Matt Levine, Columnist

The AI Will Vote the Shares

Proxy IQ, on-cycle recruiting, First Brands, Warner Bros. and German dentists.

We talked in November about proxy voting at US public companies. My basic point was that, if you own a diversified portfolio of stocks, you will be asked to vote on hundreds of different propositions — annual elections of directors, non-binding social and environmental proposals, the occasional merger — each year. Almost none of these votes will matter to you economically, and your vote is vanishingly unlikely to matter to any of the companies. In the abstract, in the aggregate, shareholder voting is the foundation of corporate democracy, a way to make sure that managers are answerable to the ultimate owners of their companies. But in almost every particular case it’s a waste of time.
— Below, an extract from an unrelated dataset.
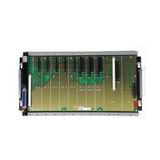 Omron c500-bc081/3g2a5-bc081 cpu base unit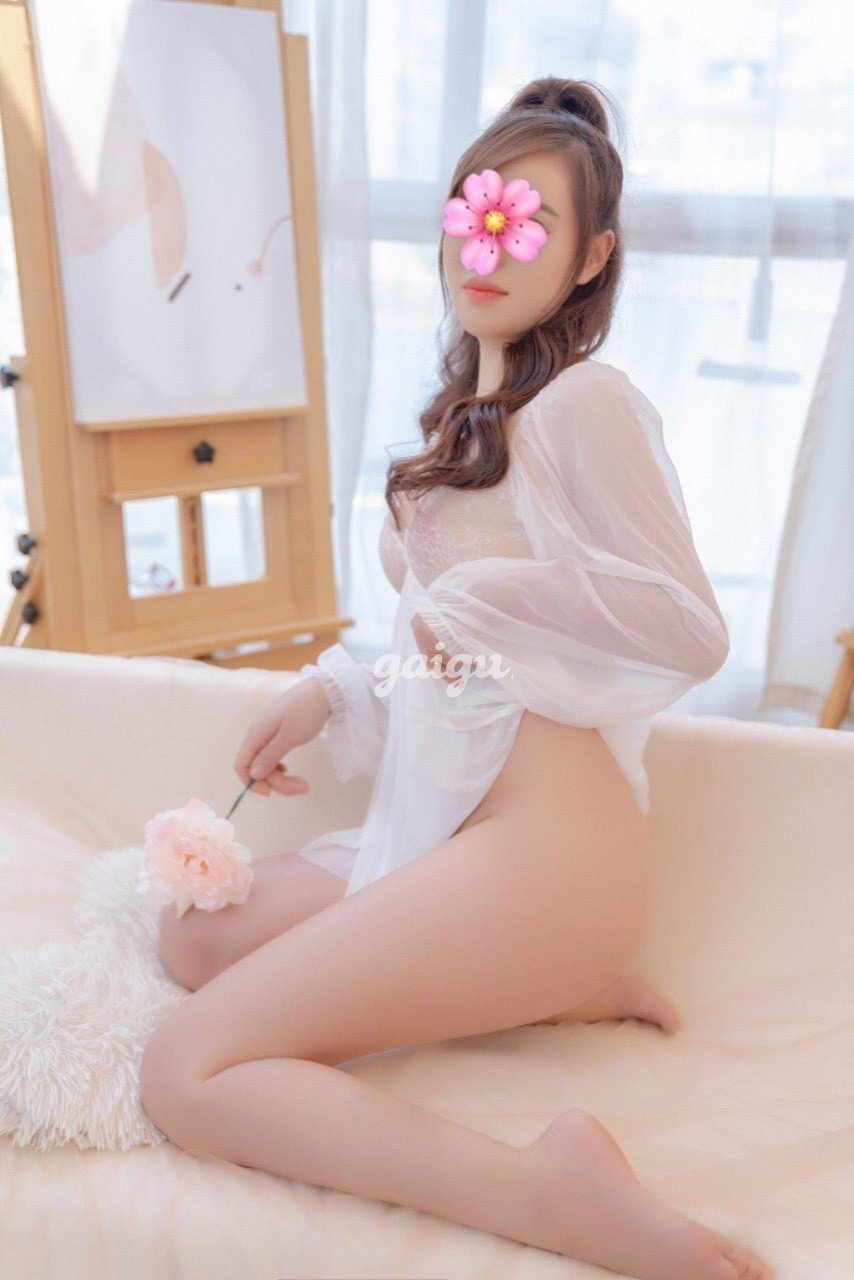 Ngọc Thanh Tâm Baby ❤️ Dâm Ngoan - Chiều Khách - Làm Tình Cực Chất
I suggested that this tension — shareholder votes are important in the aggregate, but not to most actual shareholders — is most easily solved by outsourcing proxy voting to specialists. It would be insane for millions of individual investors to read hundreds of proxy statements to decide how to vote on hundreds of different questions. But if, like, eight people each read a few hundred proxy statements and decided how to vote, and everyone else paid those people a small fee to vote their shares for them, the problem would be solved. I mean, there would be other problems. (Would those eight people actually vote the shares in ways that align with the interests of the ultimate owners of the companies? Would they have their own agendas? Would the proxy-voting profession attract people whose views on proxy voting are different from those of most shareholders?) But, again, most of these votes don’t matter very much to most of the shareholders. A cheap outsourced system is probably good enough.